Apart from visualizing the results, the mean neighbor preservation of the 40 closest neighbors is used to provide a rough quantification of the quality of the result, labelled as mnp@40 in the plots.


Here’s an example of generating the results using the iris dataset. For ASNE and SSNE, values of eta were chosen that showed decent behavior on the iris dataset: convergence within 1000 iterations without a hint of divergence, e.g. the error increasing during an “epoch”. These settings were applied to the other datasets without any further fiddling, so to be on the safe side, I allowed for double the number of iterations (max_iter = 2000) than for t-SNE.

fashion_wtsne <- smallvis(fashion, scale = FALSE, perplexity = 40, Y_init = "spca", 
method = "wtsne", ret_extra = c("dx", "dy"))
fashion_asne <- smallvis(fashion, scale = FALSE, perplexity = 40, Y_init = "spca", method = "asne", ret_extra = c("dx", "dy"), eta = 0.1, max_iter = 2000)
fashion_ssne <- smallvis(fashion, scale = FALSE, perplexity = 40, Y_init = "spca", method = "ssne", ret_extra = c("dx", "dy"), eta = 10, max_iter = 2000)


For each dataset, the first row shows t-SNE on the left and weighted t-SNE on the right. The lower row shows ASNE on the left and SSNE on the right. The bottom row methods therefore all use the Gaussian output kernel rather than the t-distribution, so we should expect to see more points concentrated in the middle of those plots.


iris t-SNE iris wt-SNE
iris ASNE iris SSNE


s1k t-SNE s1k wt-SNE
s1k ASNE s1k SSNE


oli t-SNE oli wt-SNE
oli ASNE oli SSNE


frey t-SNE frey wt-SNE
frey ASNE frey SSNE


coil20 t-SNE coil20 wt-SNE
coil20 ASNE coil20 SSNE


mnist t-SNE mnist wt-SNE
mnist ASNE mnist SSNE


fashion t-SNE fashion wt-SNE
fashion ASNE fashion SSNE


I feel like I must have misunderstood how wt-SNE works, because I just can’t see any meaningful difference between it and normal t-SNE. Oh well.

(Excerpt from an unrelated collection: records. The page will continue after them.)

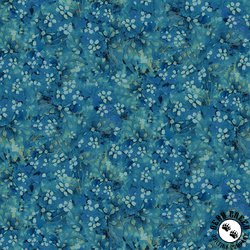 Timeless Treasures Forest Whisper Tonal Floral Cobalt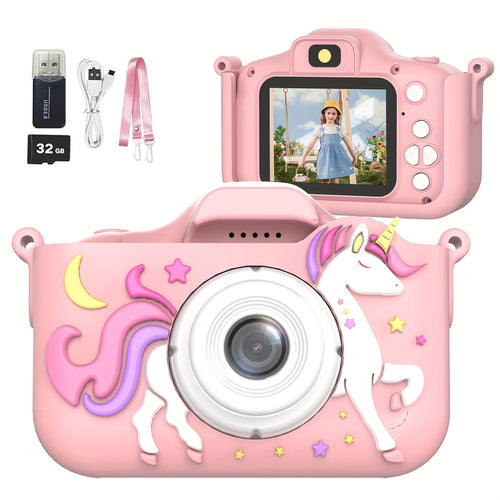 Children's Cartoon Camera Toy, 1080P High-definition Video, 6 Photo Modes, 32G Memory, Perfect Gift for 3-12 Year Old Children's Birthdays, Holidays, And Christmas.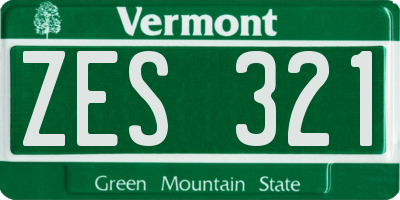 VT license plate ZES321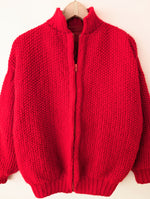 Lade das Bild in den Galerie-Viewer, *Handmade* Cardigan Blouson Bomber Rot (XL)

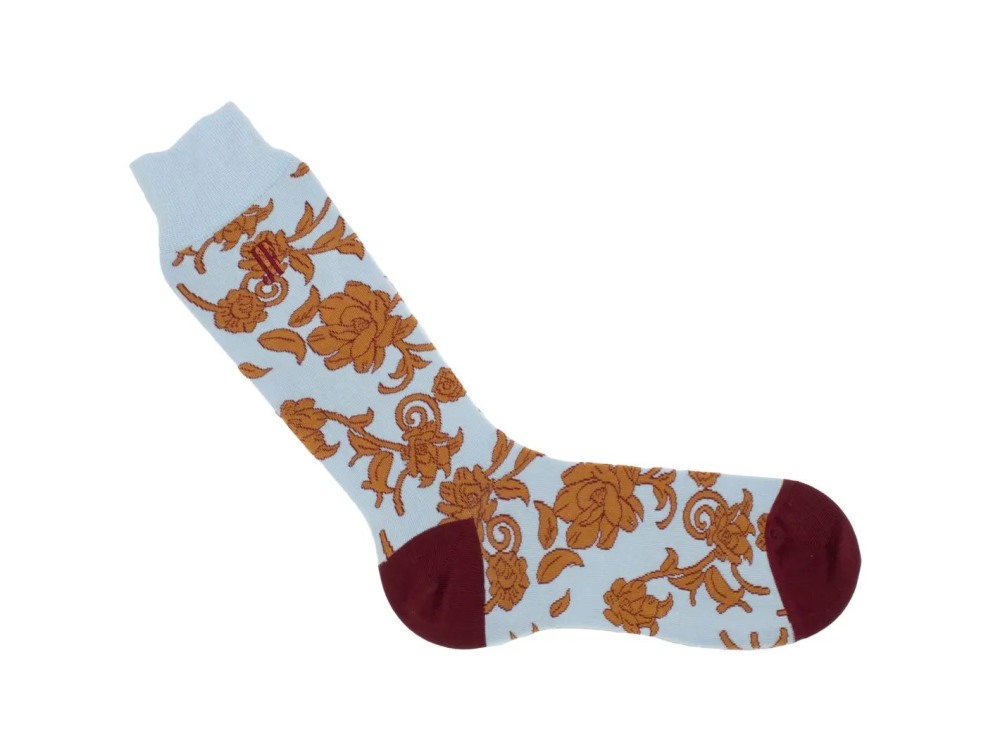 John Fluevog Xay Xay Vog Socks - Light Blue/Brown | Floral sock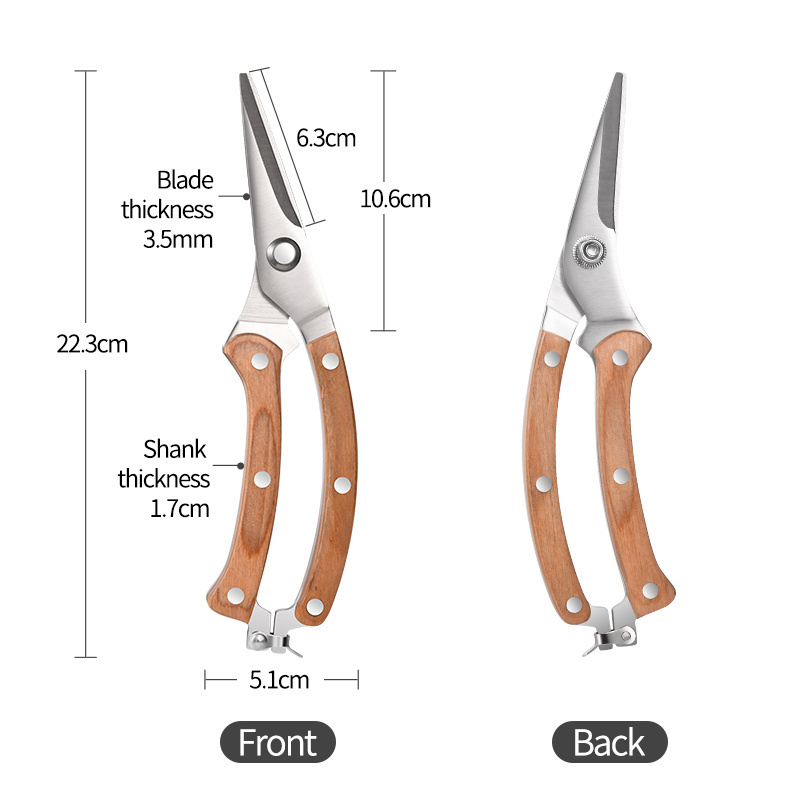 Garden shear planting tool stainless steel blade wooden handle bypass pruner gerden pruning shear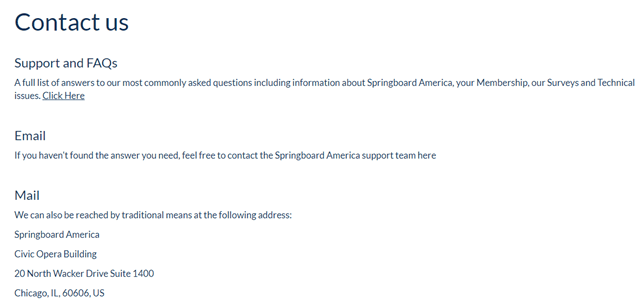 Springboard America contact page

ASNE and SSNE give pretty similar results visually. You can see some differences if you stare hard enough, e.g. the center of the s1k and oli plots seem a bit less crushed. But looking at the fashion and mnist results, it’s hard to argue that there’s a meaningful difference.

Both ASNE and SSNE results converged quicker than t-SNE. Despite the amount of time spent describing the difficulty of optimizing ASNE, the delta-bar-delta method used in the t-SNE paper worked on SSNE and ASNE just fine.